Some batters never swing on 3-0 counts. Take the difference between the average 3-0 swing zone and strike zone.
Overall, only 6% of those pitches are swung at. Of those 6%, I estimate 17% would be called balls. If batters never swung at 3-0, that means they would walk about 36% of the time on that pitch, as opposed to the current rate of 35%. Sounds negligible, and it's likely that if batters are able to do damage on 3-0, then they're right to swing at times.
Upon swinging, batters hit .390 with a .760 slugging average. That does not include the 54% of swings that either miss or result in fouls, thereby bringing the count to 3-1. Using linear weights, I estimate that batters currently add about a run per 100 pitches by swinging on 3-0 rather than always taking. I don't think the pure strategy "always take 3-0" is correct. That said, I also think that there are some pitchers who are so bad at throwing strikes or hitters so bad at hitting that such a strategy would be viable.
Along similar lines, batters are more likely to swing at full-count pitches than 2-2 pitches. What if we were to map out 2-2 strategies on 3-2 pitches? Well, I'm not entirely sure this makes sense, but I tried to do it.
I made the payoffs on 2-2 counts equal to those on 3-2 counts, then predicted run value while controlling for batter/pitcher handedness and pitch type. Mapping both predictions onto the 3-2 distribution, I found the overall difference in expected output to be similar to the difference I found between never swinging on 3-0 and the current strategy. Again, the current strategy proved more optimal. Unfortunately, graphing the differences didn't produce anything intelligible.
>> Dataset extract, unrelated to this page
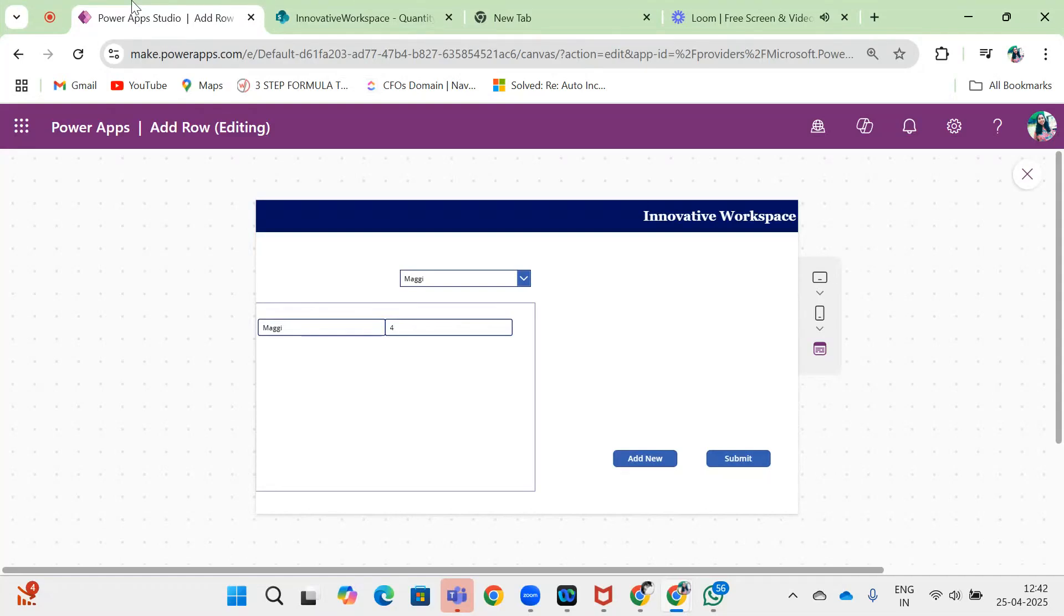Hello everyone, this is Shwakar. Welcome to the Innovative Offices. Today I will demonstrate how we can add rows to a gallery in Power Apps.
Decades of baseball evolution have brought us to the point where radical changes to current strategies can mostly be ruled out. But achieving equilibrium is a complicated process, and we would be doing the game of baseball and baseball players a disservice to think that there is no room for improvement. I'm more comfortable saying that batters might swing too often on three-ball counts than I am suggesting what their strategy should be.